5 views (last 30 days)
Xiaohan Du on 25 Feb 2018
Commented: Jan on 26 Feb 2018
Hi all,
Imagine I have
M = rand(N, N);
P = rand(N, 3);
where N is a VERY large scalar, then for these 2 functions: 1.
function C = test1(M, P)
D = M' * M;
C = P' * D * P;
and 2.
function C = test2(M, P)
C = P' * (M' * M) * P;
so the output C are both 3-by-3 matrices. Is the 2nd function more efficient and cost less storage than the 1st one? I think so because in the 2nd fucntion I do not physically compute M' * M, is this correct?

Jan on 25 Feb 2018
Edited: Jan on 25 Feb 2018
No, the assumption is not correct. The matrix in the parentheses is calculated and stored as a temporary array. There is no way to avoid the explicit calculation and in my speed measurements both takes exactly the same time.
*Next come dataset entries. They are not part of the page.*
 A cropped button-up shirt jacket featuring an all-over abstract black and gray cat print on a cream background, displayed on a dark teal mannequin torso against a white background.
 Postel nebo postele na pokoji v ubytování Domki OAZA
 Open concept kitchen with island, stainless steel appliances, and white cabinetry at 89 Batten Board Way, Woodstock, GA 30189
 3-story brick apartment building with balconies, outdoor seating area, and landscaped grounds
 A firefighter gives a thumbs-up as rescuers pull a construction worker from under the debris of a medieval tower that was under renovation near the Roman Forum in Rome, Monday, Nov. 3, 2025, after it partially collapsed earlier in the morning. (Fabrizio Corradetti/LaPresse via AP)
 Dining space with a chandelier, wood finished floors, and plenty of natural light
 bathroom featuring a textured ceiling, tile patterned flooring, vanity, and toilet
By the way, this is 8 times faster:
function C = test3(M, P)
C = P' * M' * M * P;
And even faster:
function C = test4(M, P)
D = M * P;
C = D' * D;
The result differ by rounding effects only.
Some code for testing:
L = 10; % Number of loops
N = 1000;
M = rand(N, N);
P = rand(N, 3);
% Warm up! Ignore!
for k = 1:L
C = P' * (M' * M) * P;
end
tic;
for k = 1:L
D = M' * M;
C1 = P' * D * P;
end
toc
tic;
for k = 1:L
C2 = P' * (M' * M) * P;
end
toc
tic;
for k = 1:L
C3 = P' * M' * M * P;
end
toc
tic;
for k = 1:L
D = M * P;
C4 = D' * D;
end
toc
Results:
Elapsed time is 1.596403 seconds.
Elapsed time is 1.606413 seconds.
Elapsed time is 0.159568 seconds.
Elapsed time is 0.071261 seconds.
Check the results:
(C - C1) ./ C
(C - C2) ./ C
(C - C3) ./ C
(C - C4) ./ C
All relative differences are in the magnitude of EPS - for some random input data. This might be different for your case, so check this.
Jan on 26 Feb 2018
@John BG: Your C5 is exactly the same as my C4: D=M*P;C4=D'*D;.
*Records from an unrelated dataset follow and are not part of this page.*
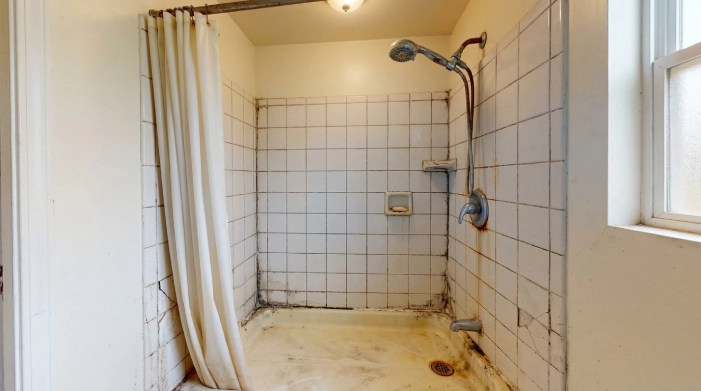 stained tile shower before liner installation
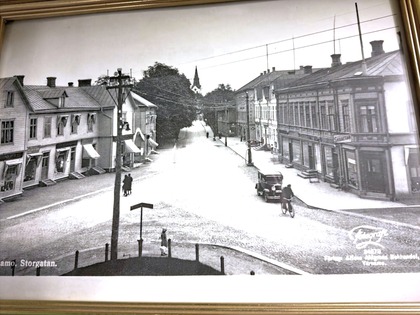 Svartvit bild av en stadsgata med gamla trähus, bil, cyklist och några gående personer.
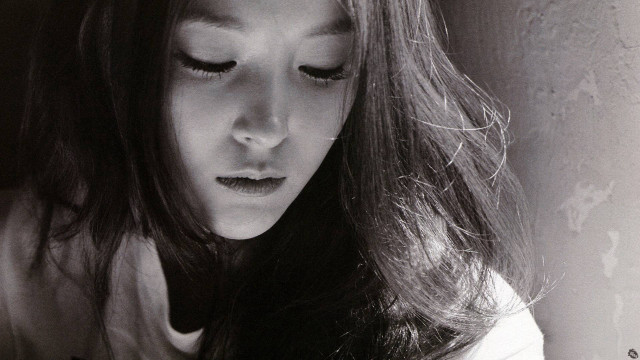 Woman long hair looking down free wallpaper for desktop - medium preview image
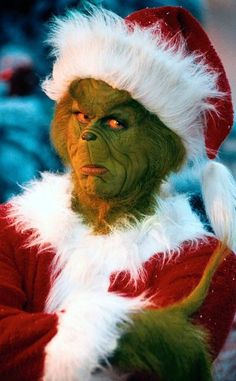 a man dressed as the grinch in a santa suit with his arms crossed and eyes wide open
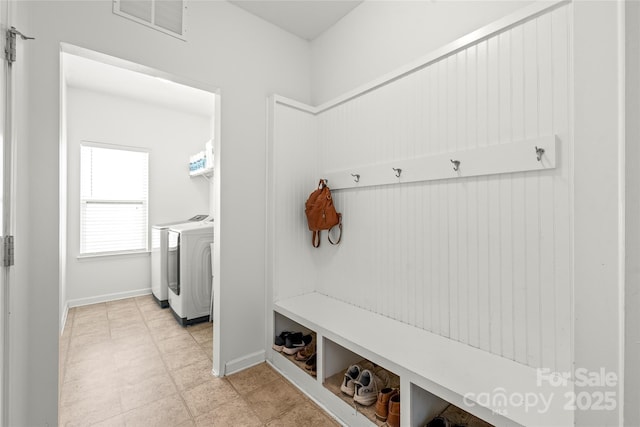306 Fesperman Cir, Troutman, NC 28166 - mudroom with washer and clothes dryer and baseboards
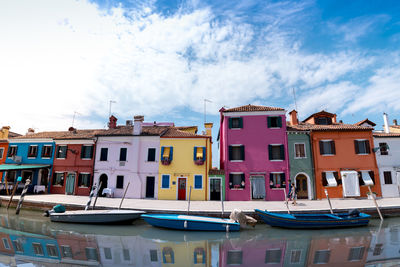 Boats moored in canal by buildings against sky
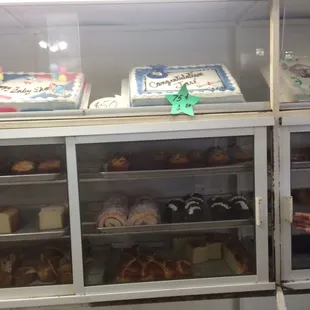 a display of cakes and pastries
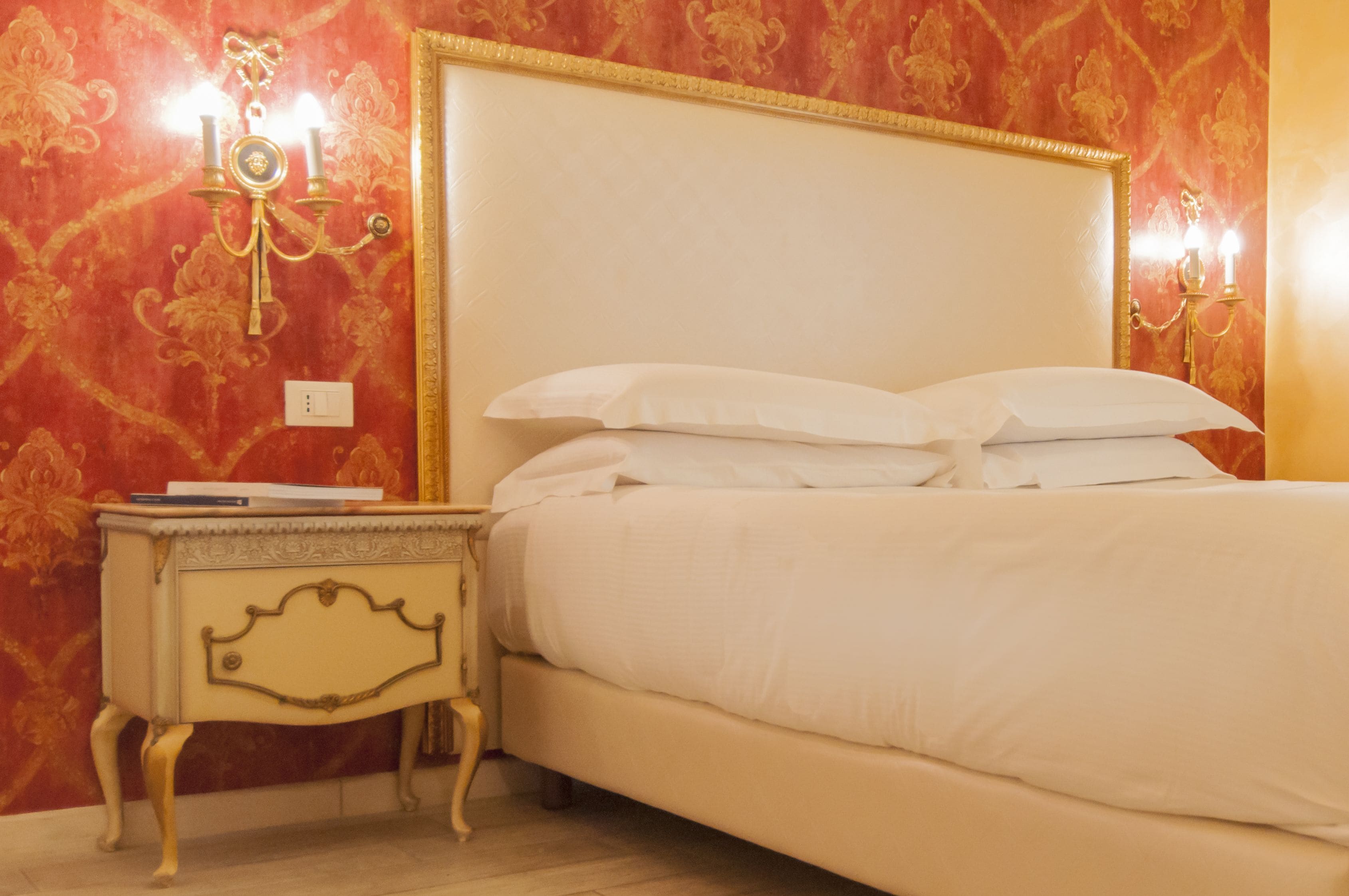 A bed with white linens in a room with red patterned wallpaper and gold trim.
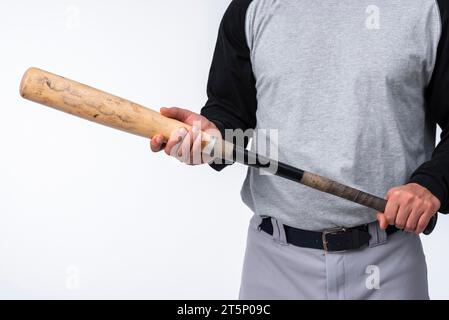 Close up baseball player holding bat Stock Photo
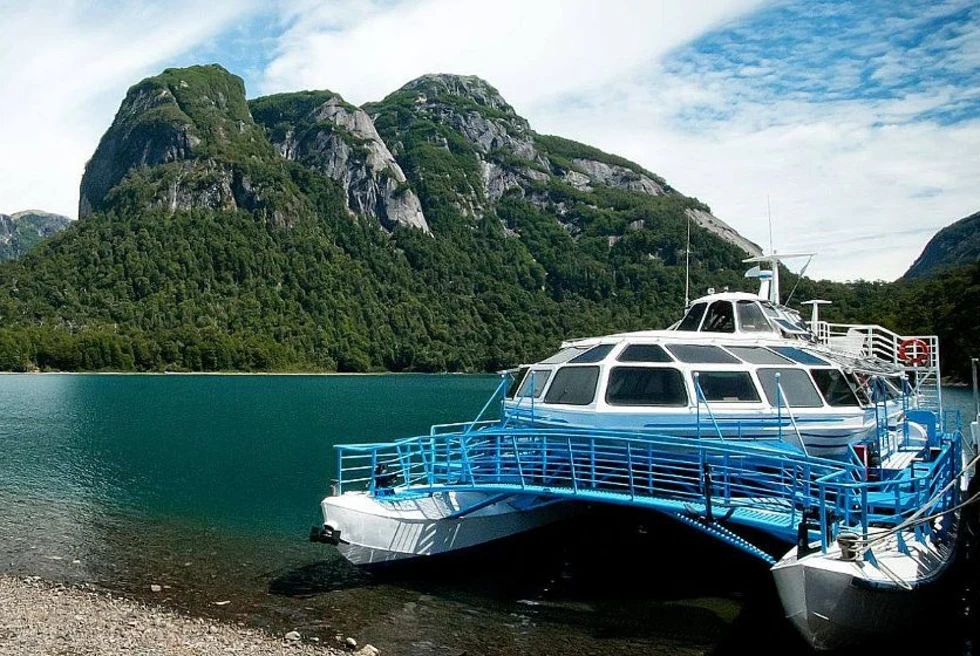 Andean crossing on lake next to mountains.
@Xiaohan Du: A relative difference of 3.2822e-16 is tiny and cannot be avoided and caused by rounding, but the results are correct. A mathematical proof is easy: The matrix multiplication is associative: (A*B)*C == A*(B*C). And (A'*B')'==B*A. Numerically there are some differences due to rounding. A test with your real values is useful to estimate the true rounding effects. If C4 differs from C1 by much more than EPS(max(C(:)), this does not mean that either C1 or C4 is wrong, but only, that the calculations are highly sensitive. It is a valuable strategy to program both methods and compare the results to estimate roughly, how susceptible the calculations are for rounding effects.
The warning message (which is magically missing on my R2016b - I'm going to ask the technical support) means, that A'*(B'*B)*A is computed such, that the result is Hermitian. If you really need this property, you can assure it cheaper by using C4 and: C=0.5*(C + C') - but I'd expect C4 to be (guaranteed to be) Hermitean already, while C3 is not.